On te dira probablement que tu devrais y réfléchir encore, que des bébés t’auras toute la vie pour en faire. Et puis, on te dira qu’on s’inquiète pour toi, que le papa te laissera peut-être toute seule, que ton avenir, ben, il n’aura pas l’air de grand-chose. Et puis tes études; comment pourras-tu finir tes études? Certains tenteront de te faire changer d’idée en te rappelant à quel point tu détestes ta job de caissière au dépanneur du coin, à quel point étudier avec un enfant c’est l’enfer.

Je te souhaite que tout ça ne te concerne pas.

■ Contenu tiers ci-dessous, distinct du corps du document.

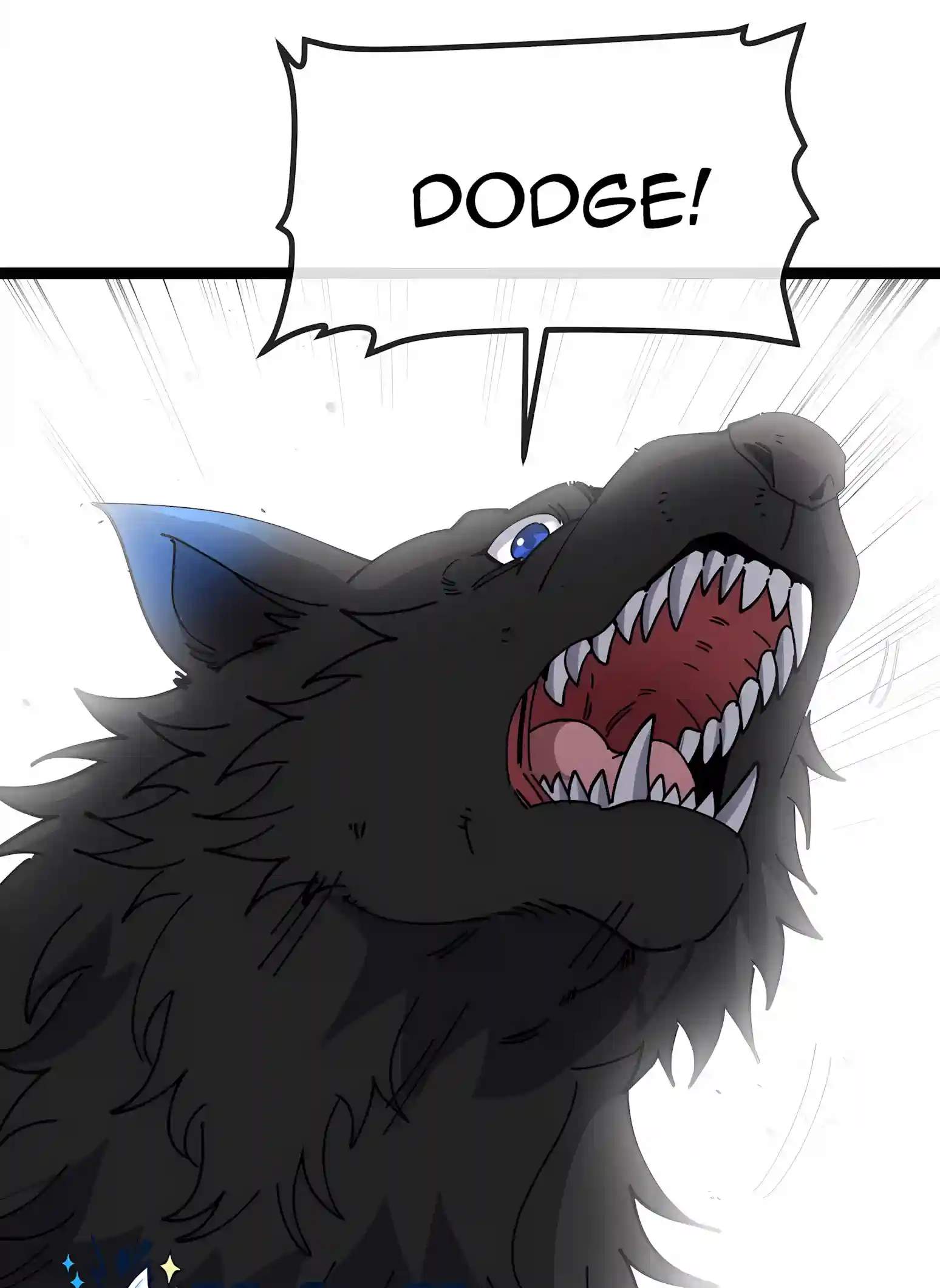 Titan Forge — Chapter 31 — page 81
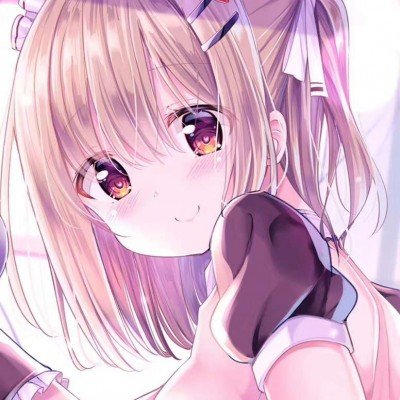 福特烈马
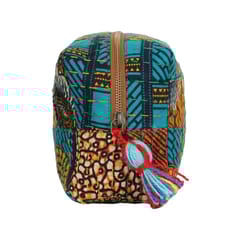 Smitam lifestyle - Kantha Cosmetic / Makeup Kit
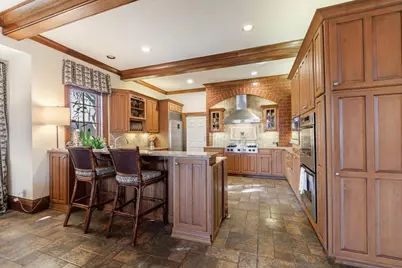 3295 Stillhouse Road SE, Atlanta, GA 30339 - Photo 14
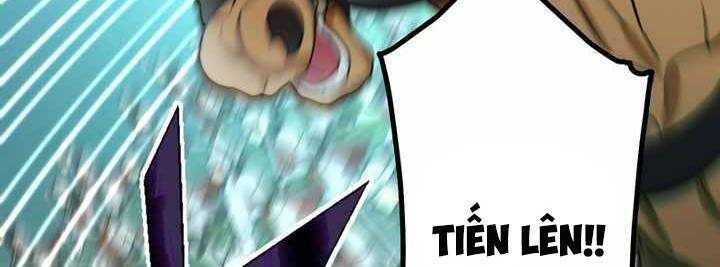 Sát thủ mạnh nhất chuyển sinh sang thế giới khác - Chapter 48 - Page 269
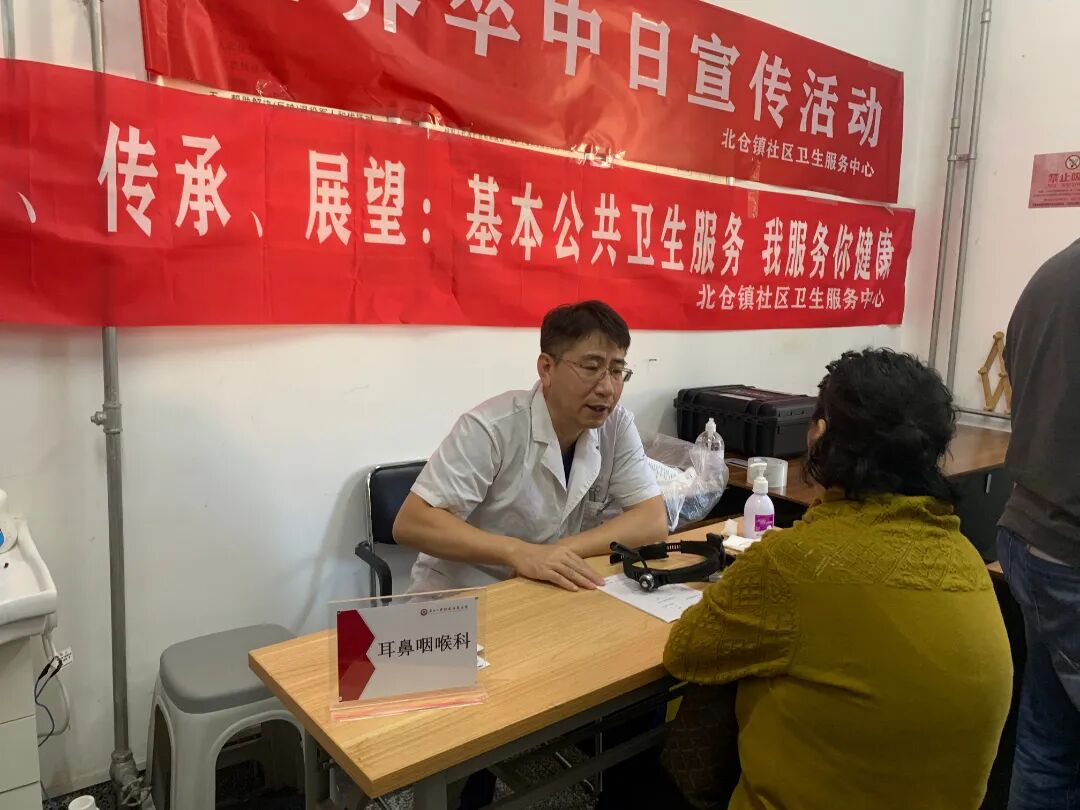 1761290249808701.jpg 微信图片_2025-10-24_151703_766.jpg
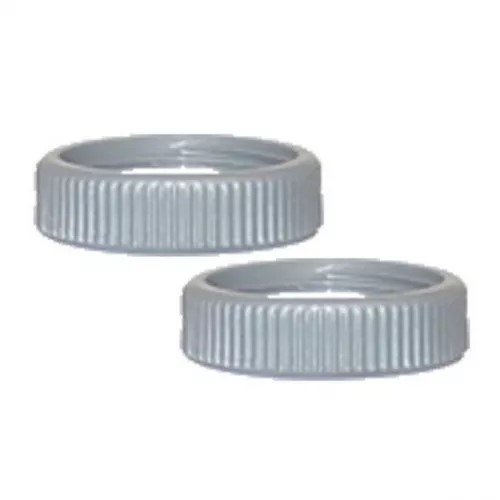 TUERCA DE AJUSTE P/CUBIERTA S/CROMAR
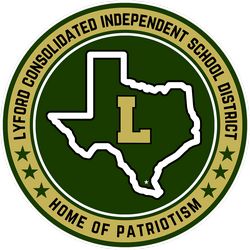 Lyford cisd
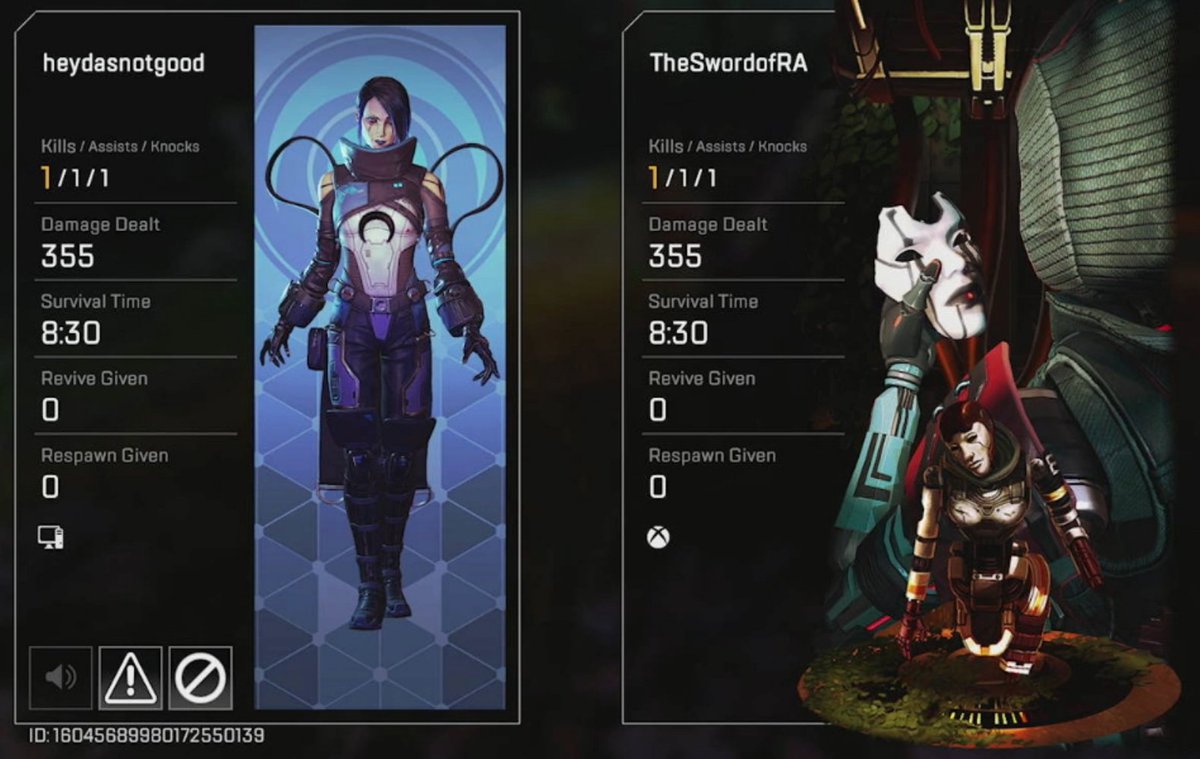 sleep and donuts tweet media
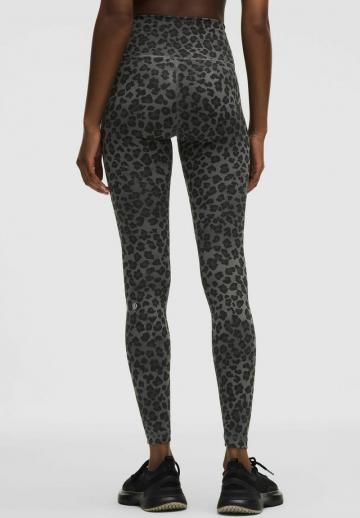 Леггинсы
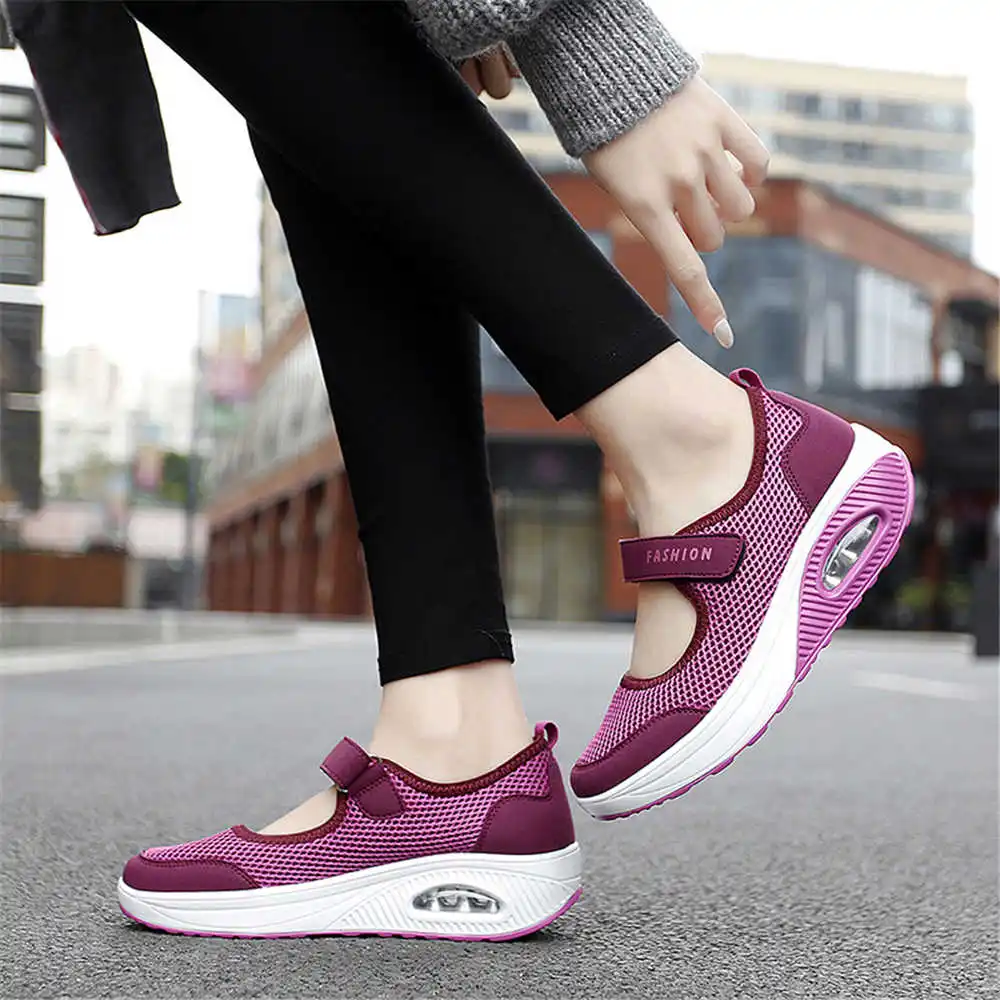 36-41 Demi-season Colored Snea - Elderly Women Formal Wear review and price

Que les gens qui t’entourent sachent que, dans la vie, le pire qu’il peut t’arriver, c’est que tu vas finir par t’en sortir. Toutes ces choses, on me les a dites, et j’y ai presque cru. C’est vrai, j’avais dix-huit ans et des poussières, je détestais l’école, surtout depuis qu’une de mes profs avait habilement déclaré à la classe que les jeunes mères étaient statistiquement reconnues pour scraper leur vie professionnelle. Le papa, je ne le connaissais pas vraiment plus que le bébé dans mon ventre; c’était un amour incertain, un genre de pile ou face ou je n’avais même pas le luxe de lancer la pièce.

Je te rassure, belle petite maman en devenir. Toutes les histoires ne finissent pas en queue de poisson. C’est normal d’avoir peur, c’est normal d’en vouloir à tous ces énergumènes qui te jugent sans te connaître. Sache qu’au fond, ce que ces gens voient, c’est ce que tu veux bien leur montrer.  Laisse ta peur de côté et fonce, parce qu’au fond, tu sais que tu peux le faire et personne n’a le droit d’essayer de t’en décourager. J’étais moi-même un cas désespéré aux yeux des autres. Aujourd’hui, je termine un BAC en journalisme dans une langue que j’ai apprise en écoutant la télé, ma grande fille aura six ans en avril et le papa, et bien il n’est jamais parti.

Fonce, ne regarde pas derrière et s’il te plaît, laisse faire les statistiques.  La seule raison qu’elles ont d’exister, c’est pour que tu puisses mieux les faire mentir.